The principal aim of the European Union (Withdrawal Agreement) Bill is to implement the withdrawal agreement that was concluded by the UK and the EU on 17 October 2019. I say quite clearly, at the outset, that given that the people of Scotland have rejected the proposal to leave the EU at every electoral opportunity that has been presented to them, the Scottish Government could not and will not recommend that the Scottish Parliament give its consent to the bill, which would implement that agreement in domestic law.
There are other strong reasons for not giving approval, which lie in the detail of the bill. This is the third iteration of the bill. Members will recall that it was first brought together at the time of the Theresa May agreement. It was reissued in a slightly different form in October and has been reissued again. The common themes, as the bill has progressed, have been a growing reluctance to accept scrutiny—indeed, there is a dislike of scrutiny—and a desire to centralise power in the hands of the Executive, and particularly in the hands of the Prime Minister, and to create a harder Brexit. Let me give members just one example. Extraordinarily, clause 26 of the bill would give ministers the right to tell courts how to interpret and what precedent to interpret.
The bill is a thoroughly bad bill that presages a thoroughly bad Brexit.
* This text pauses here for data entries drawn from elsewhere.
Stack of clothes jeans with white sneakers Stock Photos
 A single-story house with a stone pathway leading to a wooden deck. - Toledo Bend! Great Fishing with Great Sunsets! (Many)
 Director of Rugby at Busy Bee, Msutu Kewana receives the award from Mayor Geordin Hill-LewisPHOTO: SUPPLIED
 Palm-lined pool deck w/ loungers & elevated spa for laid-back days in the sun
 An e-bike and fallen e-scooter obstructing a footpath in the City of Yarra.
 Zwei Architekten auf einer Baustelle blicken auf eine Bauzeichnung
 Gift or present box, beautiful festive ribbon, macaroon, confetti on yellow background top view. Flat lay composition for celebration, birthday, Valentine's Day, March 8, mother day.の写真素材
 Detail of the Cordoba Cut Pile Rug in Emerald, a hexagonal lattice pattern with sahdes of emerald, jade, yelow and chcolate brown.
I notice that Mr Tomkins’s amendment to my motion for debate in Parliament this afternoon indicates that accepting and implementing the results of referenda is the key issue. I speak as a member of a Government that has accepted and implemented the results of two referenda. Obviously, because Scotland is not independent at the moment, that was done with the first referendum: the result of the 2014 referendum was the decision by the people of Scotland not to be independent, and the Scottish Government implemented that.
The material change in circumstances came in 2016, when the UK as a whole voted to leave the EU. That decision was imposed on the people of Scotland against their wish: they did not vote for leaving the EU. Even so, from the end of 2016 onwards, the Scottish Government proceeded to offer a range of compromises that would have avoided the situation that we find ourselves in today. Unfortunately, the UK Government did not accept any of those compromises on any occasion, and has pursued a harder and worse Brexit during that time.
There are a number of other provisions in the bill that we will, no doubt, talk about; I will be happy to talk about them. However, the Scottish people should not accept the bill, and the Scottish Parliament should therefore not accept it.
I look forward to the committee’s questions and to the debate this afternoon, in which I will continue with the burden of my argument. I hope that Parliament will accept that argument at decision time today.